- [Data for this task]:
# # # # #
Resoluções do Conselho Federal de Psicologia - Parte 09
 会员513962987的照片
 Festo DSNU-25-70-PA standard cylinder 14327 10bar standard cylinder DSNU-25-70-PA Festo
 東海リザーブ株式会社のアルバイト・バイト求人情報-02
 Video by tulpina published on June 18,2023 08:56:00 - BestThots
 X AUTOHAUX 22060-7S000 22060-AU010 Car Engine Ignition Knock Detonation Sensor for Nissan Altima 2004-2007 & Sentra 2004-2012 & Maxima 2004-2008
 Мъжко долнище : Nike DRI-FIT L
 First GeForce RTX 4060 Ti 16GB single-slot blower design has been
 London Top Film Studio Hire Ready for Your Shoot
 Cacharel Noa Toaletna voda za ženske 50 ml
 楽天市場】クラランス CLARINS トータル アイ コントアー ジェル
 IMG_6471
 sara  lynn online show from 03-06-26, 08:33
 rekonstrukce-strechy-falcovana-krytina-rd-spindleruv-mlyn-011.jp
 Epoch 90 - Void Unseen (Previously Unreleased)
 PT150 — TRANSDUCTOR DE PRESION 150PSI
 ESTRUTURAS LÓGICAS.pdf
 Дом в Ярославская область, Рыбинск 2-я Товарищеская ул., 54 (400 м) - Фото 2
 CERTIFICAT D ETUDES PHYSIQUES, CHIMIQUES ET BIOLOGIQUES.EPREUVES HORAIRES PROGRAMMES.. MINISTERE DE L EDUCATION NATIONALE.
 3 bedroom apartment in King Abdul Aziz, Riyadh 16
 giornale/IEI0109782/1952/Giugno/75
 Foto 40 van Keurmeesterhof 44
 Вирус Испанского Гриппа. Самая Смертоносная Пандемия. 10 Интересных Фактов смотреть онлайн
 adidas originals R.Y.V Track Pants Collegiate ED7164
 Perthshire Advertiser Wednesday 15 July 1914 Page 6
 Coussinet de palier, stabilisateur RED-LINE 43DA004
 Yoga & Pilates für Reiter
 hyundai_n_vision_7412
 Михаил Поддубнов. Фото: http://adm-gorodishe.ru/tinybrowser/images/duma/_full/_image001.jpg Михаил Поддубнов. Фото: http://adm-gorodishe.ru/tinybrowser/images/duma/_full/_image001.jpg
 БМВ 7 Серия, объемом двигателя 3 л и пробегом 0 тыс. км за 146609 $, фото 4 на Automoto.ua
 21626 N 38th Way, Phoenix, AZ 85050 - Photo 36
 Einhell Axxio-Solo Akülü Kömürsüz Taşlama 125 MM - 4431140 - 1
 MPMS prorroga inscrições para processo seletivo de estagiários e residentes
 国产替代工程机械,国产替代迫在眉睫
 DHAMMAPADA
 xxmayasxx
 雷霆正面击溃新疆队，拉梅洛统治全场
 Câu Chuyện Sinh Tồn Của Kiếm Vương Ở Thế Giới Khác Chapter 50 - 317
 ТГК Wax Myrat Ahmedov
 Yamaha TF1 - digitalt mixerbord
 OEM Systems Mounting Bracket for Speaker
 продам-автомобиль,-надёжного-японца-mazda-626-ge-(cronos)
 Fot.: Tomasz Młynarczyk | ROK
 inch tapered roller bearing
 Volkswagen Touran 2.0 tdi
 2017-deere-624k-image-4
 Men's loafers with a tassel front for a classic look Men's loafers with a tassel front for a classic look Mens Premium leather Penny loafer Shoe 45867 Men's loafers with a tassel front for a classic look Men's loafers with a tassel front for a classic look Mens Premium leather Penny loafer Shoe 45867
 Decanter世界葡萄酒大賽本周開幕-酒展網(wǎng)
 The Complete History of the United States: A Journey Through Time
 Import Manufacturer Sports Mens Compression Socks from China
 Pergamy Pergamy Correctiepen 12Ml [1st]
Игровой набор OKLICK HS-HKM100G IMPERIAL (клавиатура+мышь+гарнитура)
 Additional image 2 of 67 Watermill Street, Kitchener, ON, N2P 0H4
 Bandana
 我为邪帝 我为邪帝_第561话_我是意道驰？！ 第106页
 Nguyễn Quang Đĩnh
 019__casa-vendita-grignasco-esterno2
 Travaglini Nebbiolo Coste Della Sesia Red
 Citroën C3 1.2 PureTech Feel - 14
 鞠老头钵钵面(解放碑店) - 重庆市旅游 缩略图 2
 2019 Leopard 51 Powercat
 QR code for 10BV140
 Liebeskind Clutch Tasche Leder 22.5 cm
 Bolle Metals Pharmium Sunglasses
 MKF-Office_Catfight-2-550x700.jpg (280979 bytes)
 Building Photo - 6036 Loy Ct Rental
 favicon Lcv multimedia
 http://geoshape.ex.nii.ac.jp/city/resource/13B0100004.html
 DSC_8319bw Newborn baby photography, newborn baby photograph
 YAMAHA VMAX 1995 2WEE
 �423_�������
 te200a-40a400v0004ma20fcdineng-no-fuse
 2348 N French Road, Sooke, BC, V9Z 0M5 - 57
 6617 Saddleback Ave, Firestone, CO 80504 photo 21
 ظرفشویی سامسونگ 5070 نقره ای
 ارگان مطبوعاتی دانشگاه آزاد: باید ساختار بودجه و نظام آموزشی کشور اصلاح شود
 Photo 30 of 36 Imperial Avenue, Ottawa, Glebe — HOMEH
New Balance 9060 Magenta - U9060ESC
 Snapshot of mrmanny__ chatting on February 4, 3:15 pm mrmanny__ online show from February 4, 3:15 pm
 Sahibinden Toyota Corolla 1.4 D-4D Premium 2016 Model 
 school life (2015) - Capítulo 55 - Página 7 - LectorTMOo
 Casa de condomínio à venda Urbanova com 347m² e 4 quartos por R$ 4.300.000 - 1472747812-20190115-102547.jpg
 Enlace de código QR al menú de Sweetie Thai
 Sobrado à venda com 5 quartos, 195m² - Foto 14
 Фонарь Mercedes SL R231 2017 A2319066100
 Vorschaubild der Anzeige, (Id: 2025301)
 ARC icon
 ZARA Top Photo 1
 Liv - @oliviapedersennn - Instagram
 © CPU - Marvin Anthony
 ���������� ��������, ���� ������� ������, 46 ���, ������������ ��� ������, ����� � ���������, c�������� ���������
# # # # #
- [What the task asks]:
Repeat all the data, every line exactly.

- [Solution for this exercise]:
Resoluções do Conselho Federal de Psicologia - Parte 09
 会员513962987的照片
 Festo DSNU-25-70-PA standard cylinder 14327 10bar standard cylinder DSNU-25-70-PA Festo
 東海リザーブ株式会社のアルバイト・バイト求人情報-02
 Video by tulpina published on June 18,2023 08:56:00 - BestThots
 X AUTOHAUX 22060-7S000 22060-AU010 Car Engine Ignition Knock Detonation Sensor for Nissan Altima 2004-2007 & Sentra 2004-2012 & Maxima 2004-2008
 Мъжко долнище : Nike DRI-FIT L
 First GeForce RTX 4060 Ti 16GB single-slot blower design has been
 London Top Film Studio Hire Ready for Your Shoot
 Cacharel Noa Toaletna voda za ženske 50 ml
 楽天市場】クラランス CLARINS トータル アイ コントアー ジェル
 IMG_6471
 sara  lynn online show from 03-06-26, 08:33
 rekonstrukce-strechy-falcovana-krytina-rd-spindleruv-mlyn-011.jp
 Epoch 90 - Void Unseen (Previously Unreleased)
 PT150 — TRANSDUCTOR DE PRESION 150PSI
 ESTRUTURAS LÓGICAS.pdf
 Дом в Ярославская область, Рыбинск 2-я Товарищеская ул., 54 (400 м) - Фото 2
 CERTIFICAT D ETUDES PHYSIQUES, CHIMIQUES ET BIOLOGIQUES.EPREUVES HORAIRES PROGRAMMES.. MINISTERE DE L EDUCATION NATIONALE.
 3 bedroom apartment in King Abdul Aziz, Riyadh 16
 giornale/IEI0109782/1952/Giugno/75
 Foto 40 van Keurmeesterhof 44
 Вирус Испанского Гриппа. Самая Смертоносная Пандемия. 10 Интересных Фактов смотреть онлайн
 adidas originals R.Y.V Track Pants Collegiate ED7164
 Perthshire Advertiser Wednesday 15 July 1914 Page 6
 Coussinet de palier, stabilisateur RED-LINE 43DA004
 Yoga & Pilates für Reiter
 hyundai_n_vision_7412
 Михаил Поддубнов. Фото: http://adm-gorodishe.ru/tinybrowser/images/duma/_full/_image001.jpg Михаил Поддубнов. Фото: http://adm-gorodishe.ru/tinybrowser/images/duma/_full/_image001.jpg
 БМВ 7 Серия, объемом двигателя 3 л и пробегом 0 тыс. км за 146609 $, фото 4 на Automoto.ua
 21626 N 38th Way, Phoenix, AZ 85050 - Photo 36
 Einhell Axxio-Solo Akülü Kömürsüz Taşlama 125 MM - 4431140 - 1
 MPMS prorroga inscrições para processo seletivo de estagiários e residentes
 国产替代工程机械,国产替代迫在眉睫
 DHAMMAPADA
 xxmayasxx
 雷霆正面击溃新疆队，拉梅洛统治全场
 Câu Chuyện Sinh Tồn Của Kiếm Vương Ở Thế Giới Khác Chapter 50 - 317
 ТГК Wax Myrat Ahmedov
 Yamaha TF1 - digitalt mixerbord
 OEM Systems Mounting Bracket for Speaker
 продам-автомобиль,-надёжного-японца-mazda-626-ge-(cronos)
 Fot.: Tomasz Młynarczyk | ROK
 inch tapered roller bearing
 Volkswagen Touran 2.0 tdi
 2017-deere-624k-image-4
 Men's loafers with a tassel front for a classic look Men's loafers with a tassel front for a classic look Mens Premium leather Penny loafer Shoe 45867 Men's loafers with a tassel front for a classic look Men's loafers with a tassel front for a classic look Mens Premium leather Penny loafer Shoe 45867
 Decanter世界葡萄酒大賽本周開幕-酒展網(wǎng)
 The Complete History of the United States: A Journey Through Time
 Import Manufacturer Sports Mens Compression Socks from China
 Pergamy Pergamy Correctiepen 12Ml [1st]
Игровой набор OKLICK HS-HKM100G IMPERIAL (клавиатура+мышь+гарнитура)
 Additional image 2 of 67 Watermill Street, Kitchener, ON, N2P 0H4
 Bandana
 我为邪帝 我为邪帝_第561话_我是意道驰？！ 第106页
 Nguyễn Quang Đĩnh
 019__casa-vendita-grignasco-esterno2
 Travaglini Nebbiolo Coste Della Sesia Red
 Citroën C3 1.2 PureTech Feel - 14
 鞠老头钵钵面(解放碑店) - 重庆市旅游 缩略图 2
 2019 Leopard 51 Powercat
 QR code for 10BV140
 Liebeskind Clutch Tasche Leder 22.5 cm
 Bolle Metals Pharmium Sunglasses
 MKF-Office_Catfight-2-550x700.jpg (280979 bytes)
 Building Photo - 6036 Loy Ct Rental
 favicon Lcv multimedia
 http://geoshape.ex.nii.ac.jp/city/resource/13B0100004.html
 DSC_8319bw Newborn baby photography, newborn baby photograph
 YAMAHA VMAX 1995 2WEE
 �423_�������
 te200a-40a400v0004ma20fcdineng-no-fuse
 2348 N French Road, Sooke, BC, V9Z 0M5 - 57
 6617 Saddleback Ave, Firestone, CO 80504 photo 21
 ظرفشویی سامسونگ 5070 نقره ای
 ارگان مطبوعاتی دانشگاه آزاد: باید ساختار بودجه و نظام آموزشی کشور اصلاح شود
 Photo 30 of 36 Imperial Avenue, Ottawa, Glebe — HOMEH
New Balance 9060 Magenta - U9060ESC
 Snapshot of mrmanny__ chatting on February 4, 3:15 pm mrmanny__ online show from February 4, 3:15 pm
 Sahibinden Toyota Corolla 1.4 D-4D Premium 2016 Model 
 school life (2015) - Capítulo 55 - Página 7 - LectorTMOo
 Casa de condomínio à venda Urbanova com 347m² e 4 quartos por R$ 4.300.000 - 1472747812-20190115-102547.jpg
 Enlace de código QR al menú de Sweetie Thai
 Sobrado à venda com 5 quartos, 195m² - Foto 14
 Фонарь Mercedes SL R231 2017 A2319066100
 Vorschaubild der Anzeige, (Id: 2025301)
 ARC icon
 ZARA Top Photo 1
 Liv - @oliviapedersennn - Instagram
 © CPU - Marvin Anthony
 ���������� ��������, ���� ������� ������, 46 ���, ������������ ��� ������, ����� � ���������, c�������� ���������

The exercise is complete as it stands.